I welcome today’s debate. I am sorry that the Secretary of State did not open it—although he has done us the courtesy of attending—because given that he is seeking, with the Minister, to make the most fundamental change to our planning system for more than two generations and given that this is the first opportunity for the House to debate the matter since the publication of the national planning policy framework, it would have been good to hear from him. I look forward to the next occasion. Nevertheless, this debate, which we welcome, is extremely timely. The Minister expressed it well: planning at times and to some people can seem rather technical, but in fact it is about how we shape the places in which we live and how we build our communities. That is what Civic Voice has described as “everyday England”.

We know that there is a finite quantity of land. As Mark Twain famously said,

“buy land because they’ve stopped making it”.

There are many competing demands on land. England is a very densely populated country, and the population is growing. The planning system’s job is to help us to meet our future needs for housing, jobs, economic development, transport, growing food, tackling climate change and generating energy in a way that balances all these things—the right sort of development in the right place, which, in the end, is what we all want—while protecting the natural environment, by which I mean the moors and the mountains, the rivers and the lakes, the green fields and the countryside that make up our islands’ unique and beautiful landscapes. They matter because we cherish their beauty and their capacity to lift our spirits and because, as human beings have belatedly learned, they sustain our very existence. We need planning to protect this environment because, in the absence of that balance and if we fail to reconcile

“competing economic, social and environmental priorities”—

in the words of the Conservative planning Green Paper—there would be a free-for-all.

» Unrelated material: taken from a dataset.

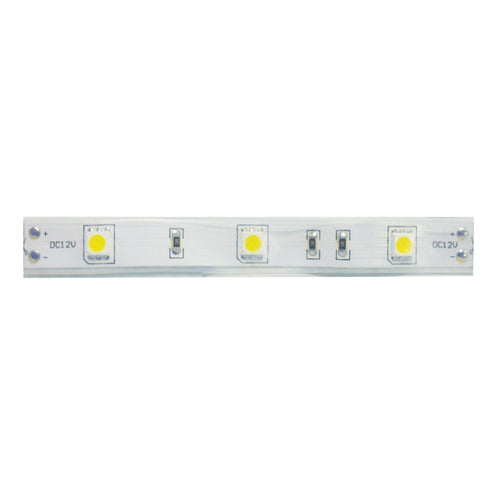 LED STRIP 5M 7,2W/M 24V DC IP65 6000K Ra80 24505030WPC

I welcome the idea of simplification and the principle of greater clarity, and I support enabling planning decisions to be taken as near as possible to those whom they will affect. It was, after all, a Labour Government who introduced the Town and Country Planning Act 1947, which helped local councils to designate green belt. However, the central problem raised by the draft NPPF and the reason the Government are in difficulty is that Ministers have failed so far to convince people that they have got this balance right. It seems that even Conservative-controlled Tunbridge Wells borough council, which is the Minister’s own local authority, is unhappy about his reforms. It is reported that the council “strongly disagreed” with the Government’s suggestion that the NPPF had the right approach towards sustainable development—I shall return to that point—and argued that it was

“vague and open to interpretation”.

The council also strongly disagreed that green belt would be protected under the NPPF. People are entitled to ask, if the Minister is having difficulty persuading his own Conservative-controlled council to support his plans, how anybody else can be expected to have confidence in them.

Paul Farrelly Portrait Paul Farrelly (Newcastle-under-Lyme) (Lab)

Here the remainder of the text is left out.